I am attempting to compare two columns sar_details_sent_norm_trigrams_ and caap_details_sent_norm_trigrams_ in a Pandas data frame. There are other columns as well, but these are the two I am comparing.
I'm essentially wanting to keep records where the text values for the two columns are the same. I've executed a couple of approaches, however, I keep getting the following error message:
TypeError: unhashable type: 'set'
So, I either need to resolve why I am receiving this and fix it or try another approach, of course.

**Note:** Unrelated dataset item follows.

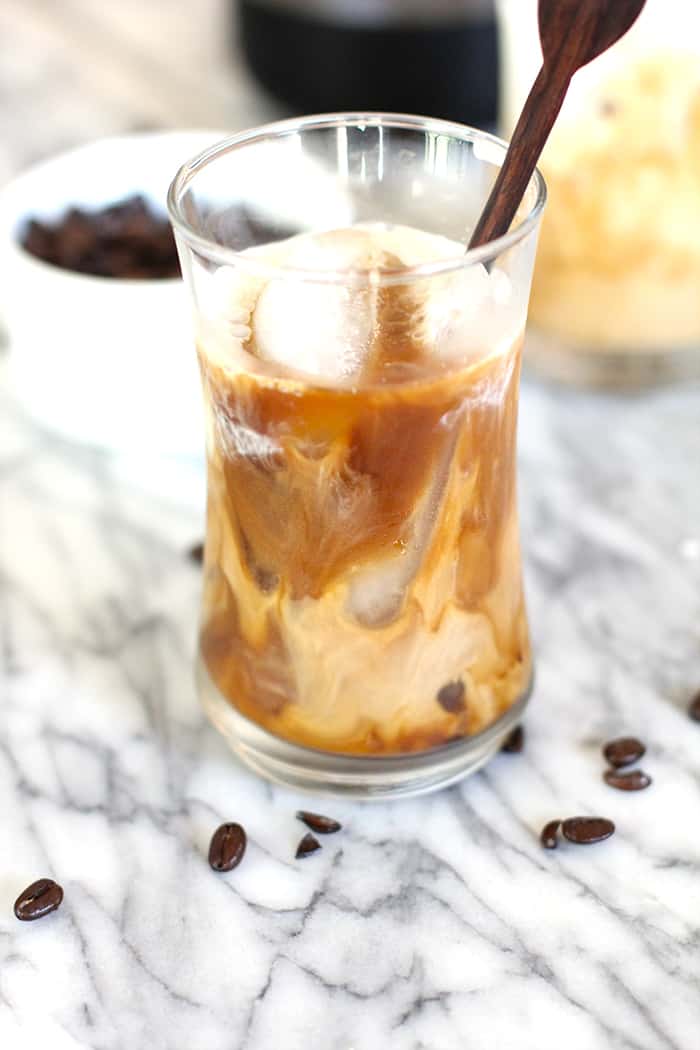 Side view of a just poured cold brew coffee, with ice and a stir stick.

Any advice would be greatly appreciated.
Thanks.
Code snippet:
# Set with unique terms
df_sar['sar_details_sent_norm_trigrams_unique'] = df_sar['sar_details_sent_norm_trigrams_'].apply(lambda x: set([trigram for sent in x for trigram in sent]))
# Set with unique terms
df_caap['caap_details_sent_norm_trigrams_unique'] = df_caap['caap_details_sent_norm_trigrams_'].apply(lambda x: set([trigram for sent in x for trigram in sent]))
#Attempt 1:
df_caap[df_caap.caap_details_sent_norm_trigrams_unique.isin(df_sar.sar_details_sent_norm_trigrams_unique)]
#Attempt 2:
set(df_caap.caap_details_sent_norm_trigrams_unique).intersection(set(df_sar.sar_details_sent_norm_trigrams_unique))
TypeError Traceback (most recent call last) in () 21
set(df1.columns).intersection(set(df2.columns)) 22
---> 23 set(df_caap.caap_details_sent_norm_trigrams_unique).intersection(set(df_sar.sar_details_sent_norm_trigrams_unique))
TypeError: unhashable type: 'set'